#### Data to use
================================
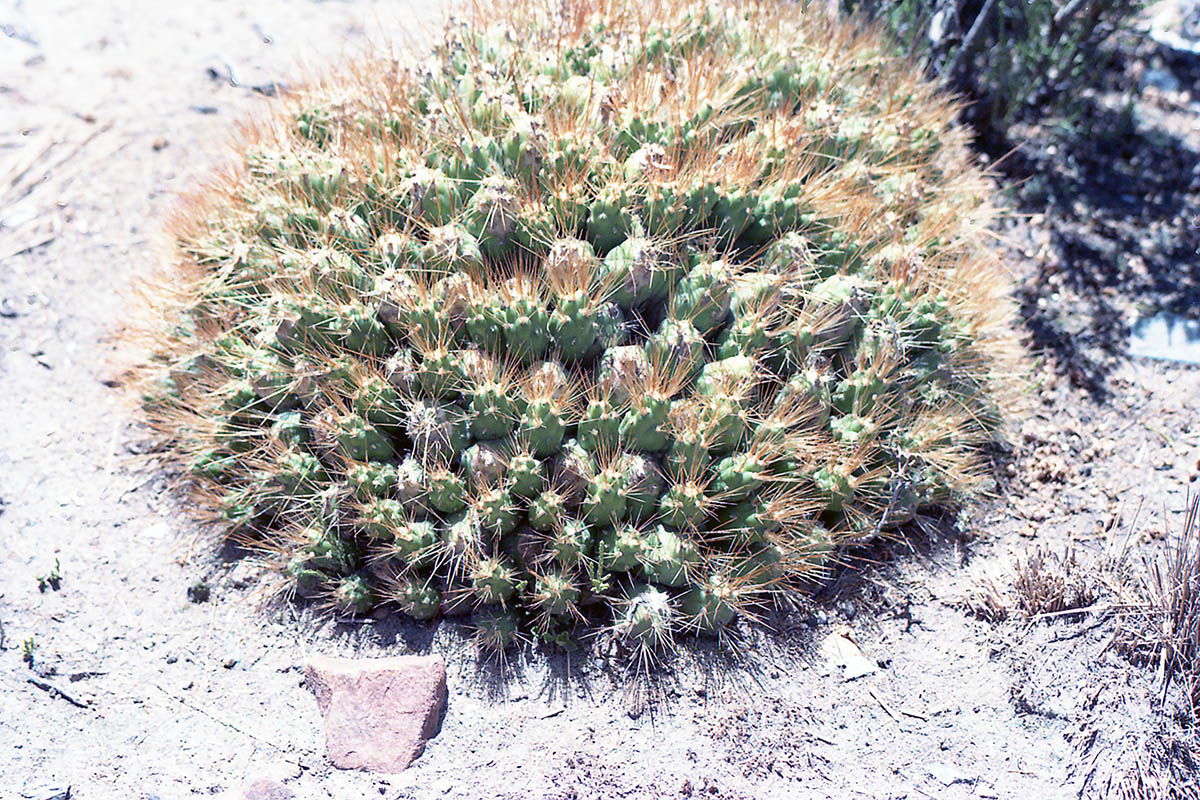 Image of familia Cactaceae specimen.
================================
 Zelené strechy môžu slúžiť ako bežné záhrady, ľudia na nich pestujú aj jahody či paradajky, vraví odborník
================================
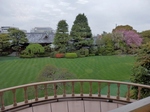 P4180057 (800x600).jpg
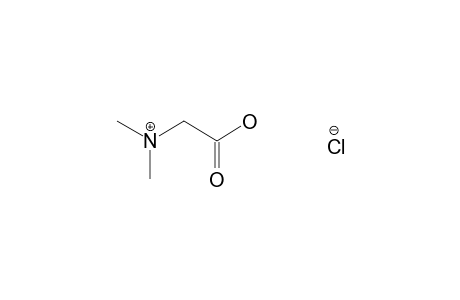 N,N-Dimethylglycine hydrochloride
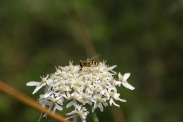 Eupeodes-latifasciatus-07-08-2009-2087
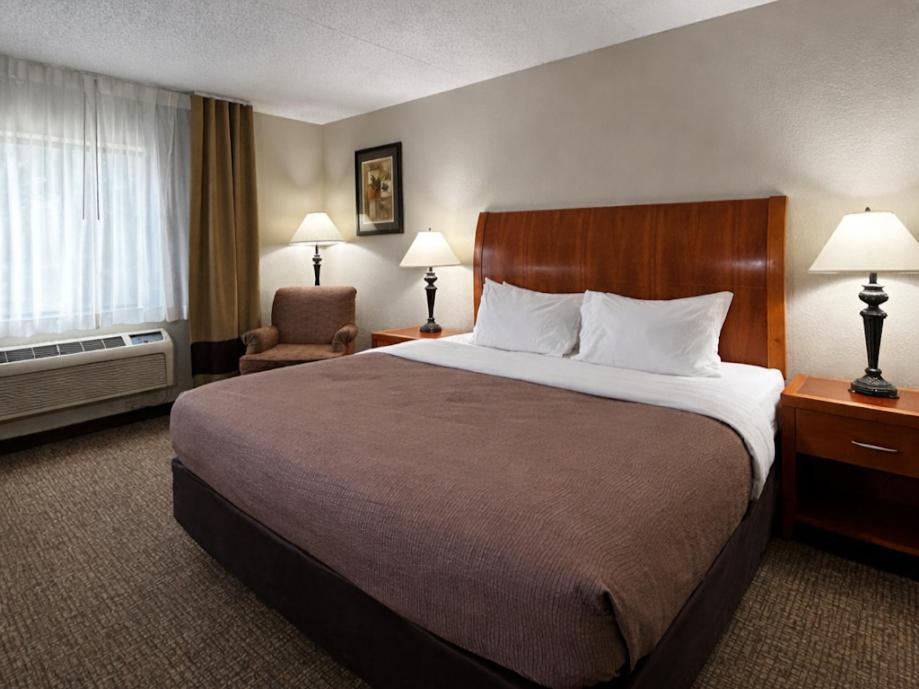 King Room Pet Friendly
================================
#### What the exercise asks
Word for word, write out the lines above running from the one with "Eupeodes-latifasciatus-07-08-2009-2087" up to and including the one with "King Room Pet Friendly". Drop any picture.

#### Solution for this problem
 Eupeodes-latifasciatus-07-08-2009-2087
 King Room Pet Friendly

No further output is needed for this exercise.